🎓 Student Performance Predictor

Predict a student's Mathematics score from demographics and study-related inputs using a productionized ML pipeline

Built with Sklearn | Flask Web UI | Dockerized | Deployed on AWS (Beanstalk & ECR→EC2 via GitHub Actions)

📋 Table of Contents

🎯 Demo
✨ Features
📁 Project Structure
📊 Data
🤖 Model Overview
🚀 Quickstart
- Run Locally (Python)
- Run with Docker
⚙️ Configuration
🌐 Routes / API
🔧 Training Pipeline
🎯 Inference Pipeline
📝 Logging & Errors
🔄 CI/CD (GitHub Actions → ECR → EC2)
☁️ Deployment on AWS Elastic Beanstalk
📸 Screenshots
🐛 Troubleshooting
🔒 Security & Cost Notes
🗺️ Roadmap
📄 License
🙏 Acknowledgements

🎯 Demo

🔗 Live URL: http://<your-ec2-public-ip>:8080/ (hosted on EC2, port 8080)

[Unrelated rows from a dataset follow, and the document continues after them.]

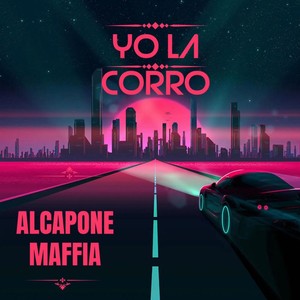 Yo La Corro (Explicit)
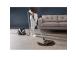 Tefal Silence Force Cyclonic Effitech, 500 W, tolmukotita, must - Tolmuimeja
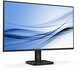 Philips 27E1N1100A/00 | 27″ | 1920×1080 Full HD IPS | 100 Hz | 4 ms | Monitor_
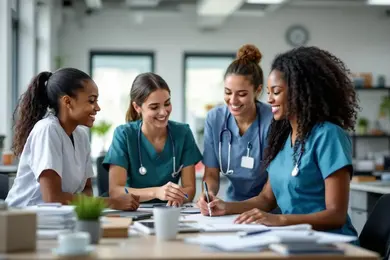 Most Affordable Medical Assistant Schools & Training - Budget-Friendly Medical Assistant Trade Programs in Pennsylvania for 2026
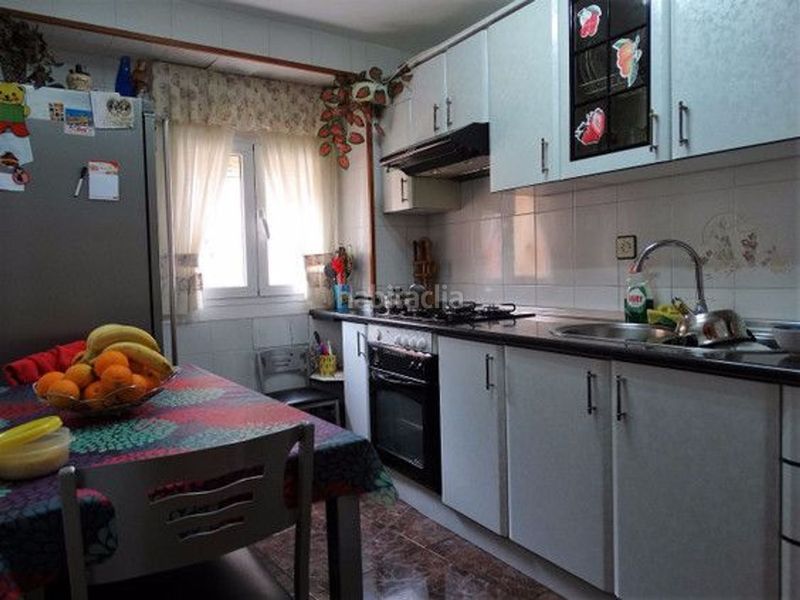 Foto e1c51a5b-f8cf-488a-8f76-a6d604b9d568. Casa a Moratalla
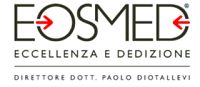 EOSMED TORRE ANGELA - ROMA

💡 See Screenshots for the homepage, form, and prediction result.

✨ Features

Feature	Description
🎯 Math Score Prediction	Predict from 7 inputs (gender, race/ethnicity, parental education, lunch, test prep, reading score, writing score)
🧰 End-to-End Pipeline	Ingestion → Transform → Model Training → Evaluation → Persisted Artifacts
🌐 Flask Web UI	Simple two-page flow (index & predict)
🐳 Dockerized App	Easy to run locally or in the cloud
🚀 Two AWS Deployments	• Elastic Beanstalk (Python platform) • GitHub Actions → Amazon ECR → EC2 self-hosted runner

📁 Project Structure

.
├─ 📂 .ebextensions/
│  └─ python.config                # Beanstalk: WSGI path / platform opts (optional)
├─ 📂 .github/
│  └─ 📂 workflows/
│     └─ main.yaml                 # CI (build) + CD (push to ECR & run on EC2)
├─ 📂 artifacts/
│  ├─ data.csv                     # Raw snapshot used locally
│  ├─ train.csv, test.csv          # Split datasets
│  ├─ preprocessor.pkl             # Saved ColumnTransformer (OneHot + Scale + Impute)
│  └─ model.pkl                    # Trained best model serialized
├─ 📂 logs/                        # (Optional) runtime/training logs
├─ 📂 notebook/                    # (Optional) experiments
├─ 📂 src/
│  ├─ 📂 components/
│  │  ├─ data_ingestion.py         # Read dataset, write artifacts/{raw,train,test}.csv
│  │  ├─ data_transformation.py    # Build & persist sklearn preprocessor
│  │  ├─ model_trainer.py          # Train/evaluate models, save best model
│  │  └─ 📂 artifacts/             # (component-specific outputs if any)
│  ├─ 📂 pipeline/
│  │  ├─ train_pipeline.py         # (optional) training entrypoint
│  │  └─ predict_pipeline.py       # Load artifacts & predict on new data
│  ├─ exception.py                 # CustomException with context
│  ├─ logger.py                    # Logging helper
│  └─ utils.py                     # save_object, evaluate_models, helpers
├─ 📂 templates/
│  ├─ index.html                   # Landing page
│  └─ home.html                    # Form + prediction result
├─ app.py                          # Flask app (Gunicorn entrypoint: `app:application`)
├─ Dockerfile                      # 3.11-slim base + gunicorn
├─ requirements.txt                # Pinned libs compatible with train/infer
├─ setup.py                        # (optional) packaging
└─ README.md

📊 Data

The dataset contains student demographics and study attributes with target math_score.

📋 Columns

gender
race_ethnicity
parental_level_of_education
lunch
test_preparation_course
reading_score
writing_score
math_score (target)

The pipeline performs an 80/20 train/test split (random_state=42) and persists train.csv, test.csv for reproducibility.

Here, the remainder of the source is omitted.